INFORMATION
- - -

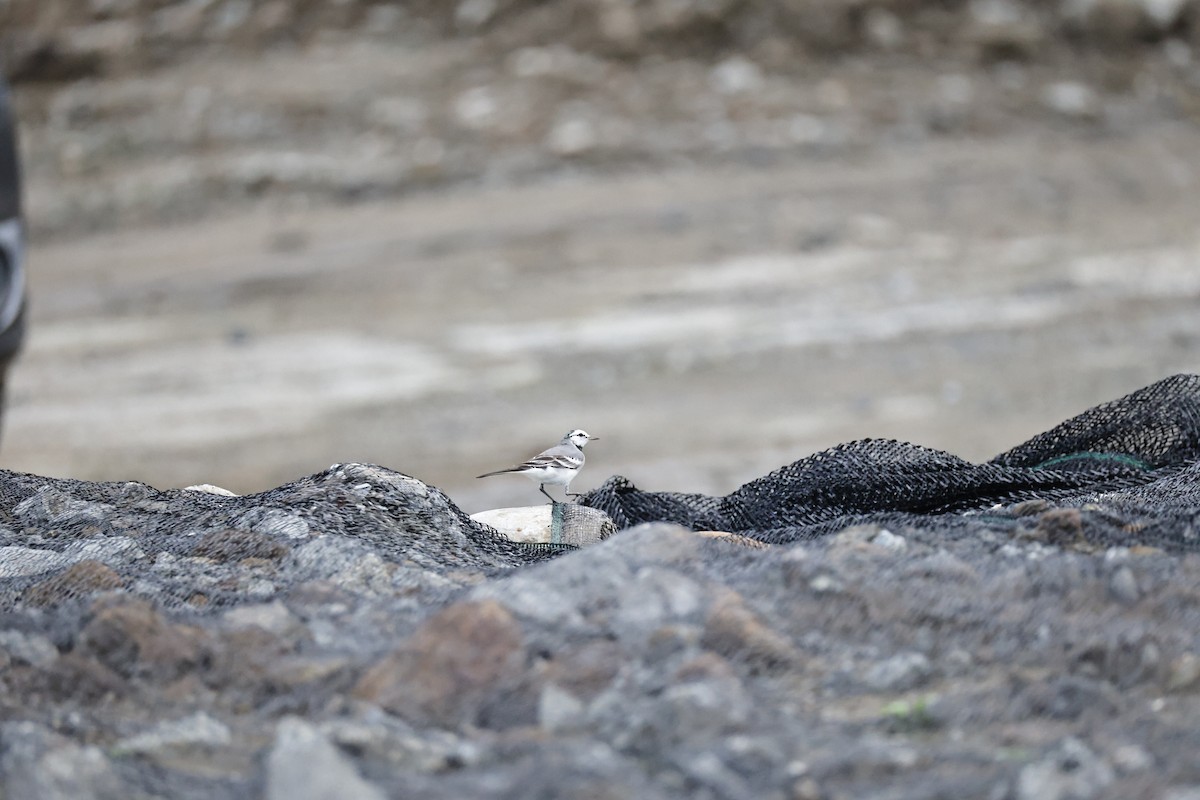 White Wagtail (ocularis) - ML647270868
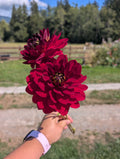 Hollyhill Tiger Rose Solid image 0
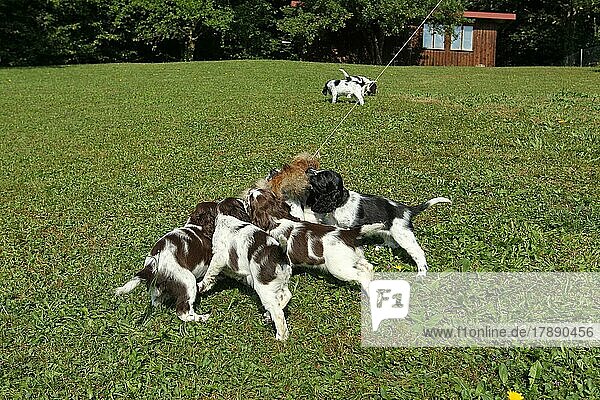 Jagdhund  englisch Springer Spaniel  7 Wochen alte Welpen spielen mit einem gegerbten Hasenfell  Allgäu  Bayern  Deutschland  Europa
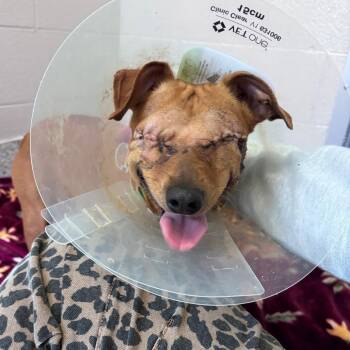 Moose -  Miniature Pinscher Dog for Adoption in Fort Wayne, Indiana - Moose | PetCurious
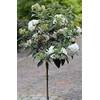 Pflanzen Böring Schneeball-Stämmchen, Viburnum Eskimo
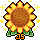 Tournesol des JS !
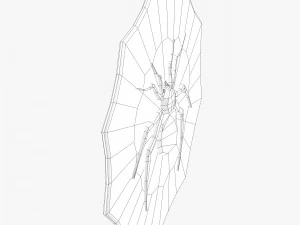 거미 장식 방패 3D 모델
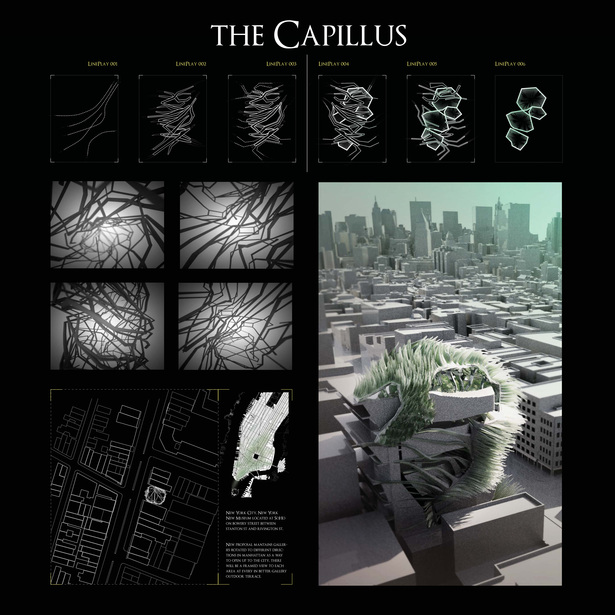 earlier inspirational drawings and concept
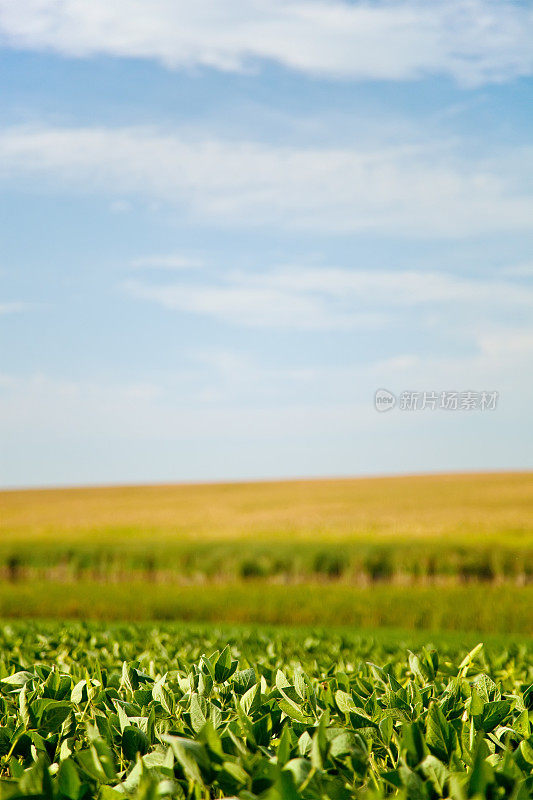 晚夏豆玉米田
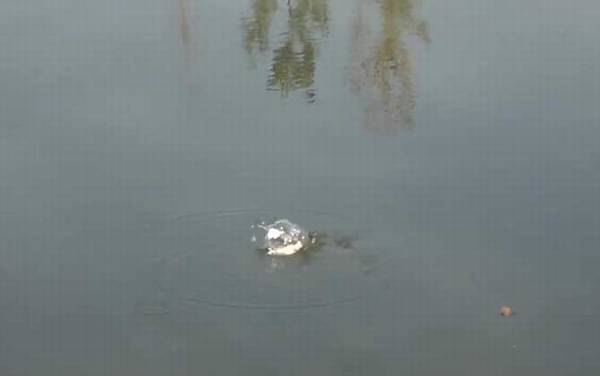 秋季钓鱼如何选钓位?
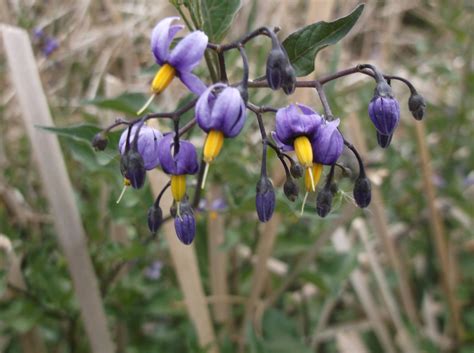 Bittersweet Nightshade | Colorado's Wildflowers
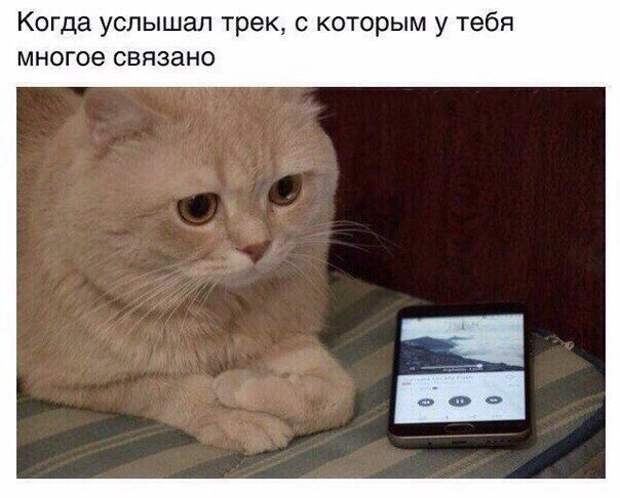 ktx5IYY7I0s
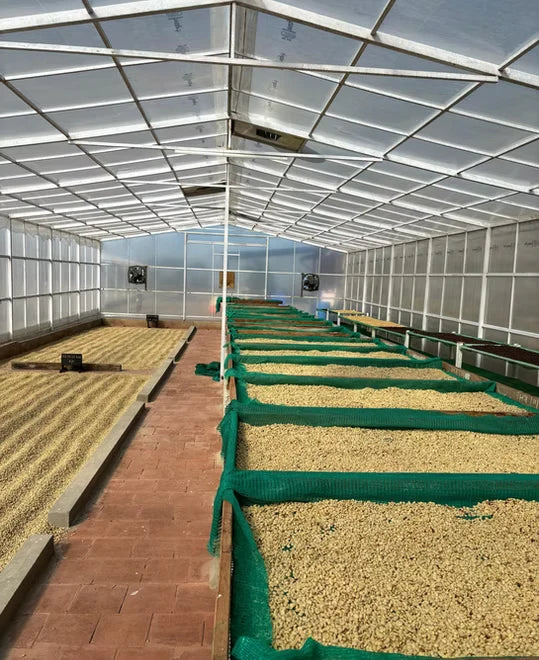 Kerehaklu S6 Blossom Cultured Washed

- - -

TASK DIRECTIONS
Once the line containing "englisch Springer Spaniel" has been copied, stop; everything from the first line of the data up to it must be copied exactly, without pictures.

THE COMPLETED TASK
 White Wagtail (ocularis) - ML647270868
 Hollyhill Tiger Rose Solid image 0
 Jagdhund  englisch Springer Spaniel  7 Wochen alte Welpen spielen mit einem gegerbten Hasenfell  Allgäu  Bayern  Deutschland  Europa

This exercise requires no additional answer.